Safety of the Queen, etc. Act 1584
- Parliament of England
- Long title: An Act for Provision to be made for the Surety of the Queen's Majesty's most Royal Person, and the Continuance of the Realm in Peace.
- Citation: 27 Eliz. 1. c. 1
- Territorial extent: England and Wales

Dates
- Royal assent: 23 March 1587
- Commencement: 23 November 1584
- Repealed: 28 July 1863

Other legislation
- Repealed by: Statute Law Revision Act 1863

Status: Repealed

Text of statute as originally enacted

= Safety of the Queen, etc. Act 1584 =

Act of the Parliament of England

The Safety of the Queen, etc. Act 1584 (Note: The act was actually passed in March 1585 but is listed under 1584 because under the common law acts of Parliament took effect retrospectively from the beginning of the session in which they were passed, which in this case was 1584: see the article Acts of Parliament (Commencement) Act 1793 for the explanation as to why.) (27 Eliz. 1. c. 1), also known as the Act of Association 1584, was an act of the Parliament of England during the English Reformation. It required a tribunal of at least 24 peers and privy councillors to investigate "any open invasion or rebellion" in England, any attempt to injure Queen Elizabeth I, or any attempt by a pretender to seize the throne. Any person found to be guilty was to be disabled from inheriting the throne, and was to be "pursued to death by all the Queen's subjects." Also any act "whereby the Queen's life shall be shortened" was made a capital offence.
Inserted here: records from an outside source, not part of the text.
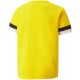 4. Puma teamRise Jersey Jr 704938 07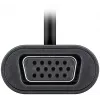 USB graphics adapter Goobay 51776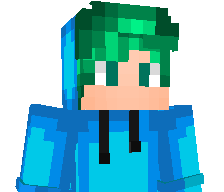 FaverixYT's skin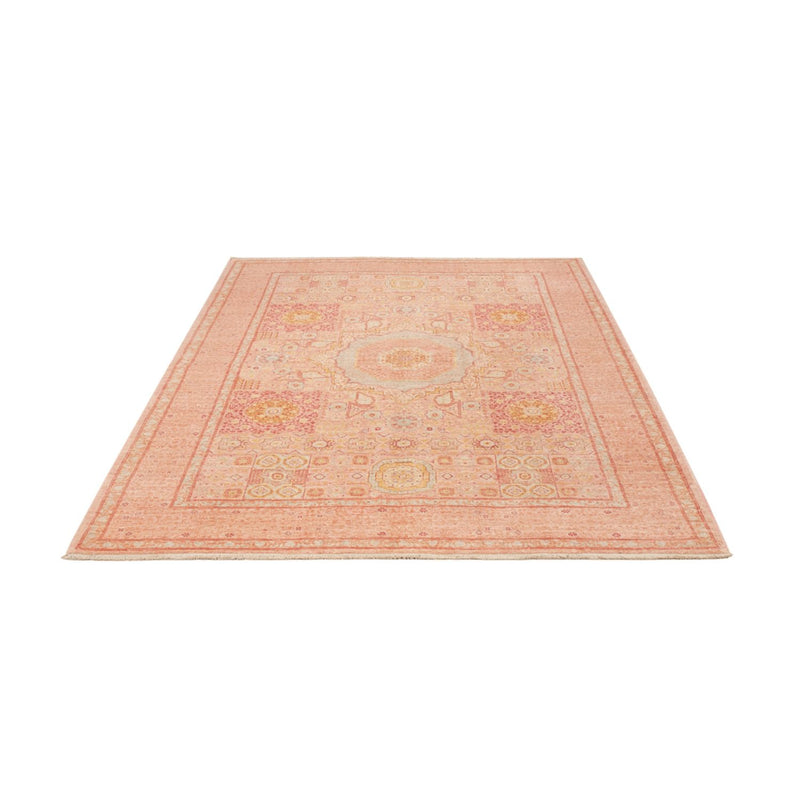Ziegler Tapijt - Ariana - 237 x 178 cm - licht rood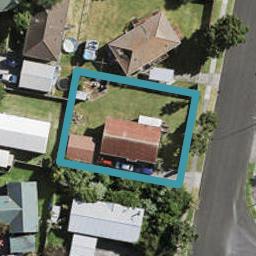 23 Trevor Hosken Drive, Wiri, Auckland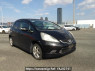 Used 2009 AT honda fit GE6 Image[0]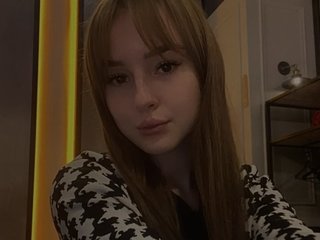 Chat de video erótico Nestyzz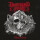 Deserted Fear - Doomsday lp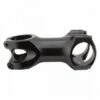 Origin8 Flux Stem Road or Mountain 31.8 mm 80 mm +/-5° Black 1 Origin8 Flux Stem Road or Mountain 31.8 mm 80 mm +/-5° Black -US Bikes & Cycling Sales 2023 unnamed file 6450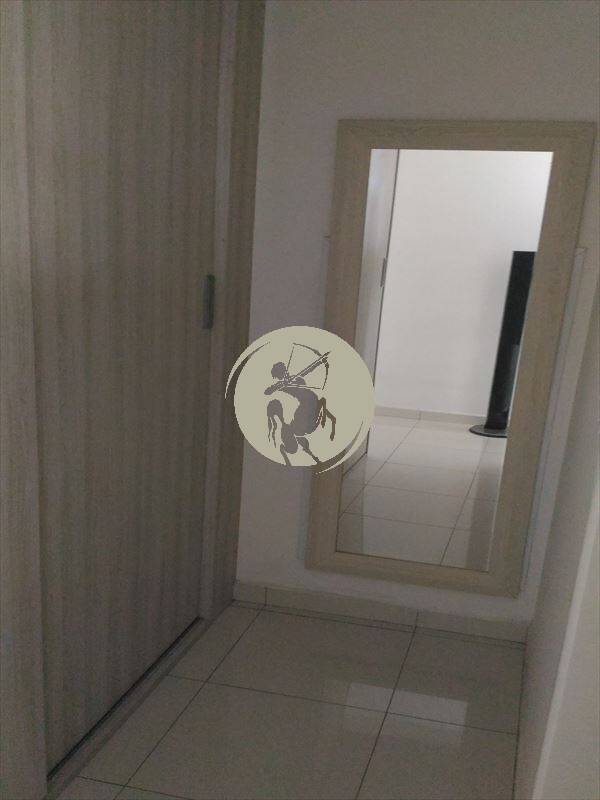 Apartamento, 3 quartos, 111 m² - Foto 7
The act developed to include the Bond of Association, which was mindful of threats to Elizabeth posed by Mary, Queen of Scots. The Act for the Safety of the Queen, or Surety of the Queen's Person, passed in March 1585, allowed that James VI of Scotland would not be held responsible for his mother's plots. James was occasionally troubled by incidents including the Valentine Thomas affair, which could have implicated him in plots against Elizabeth, and hindered his accession to the English throne.

== Subsequent developments ==
The whole act was repealed by section 1 of, and the schedule to, the Statute Law Revision Act 1863 (26 & 27 Vict. c. 125), which came into force on 28 July 1863.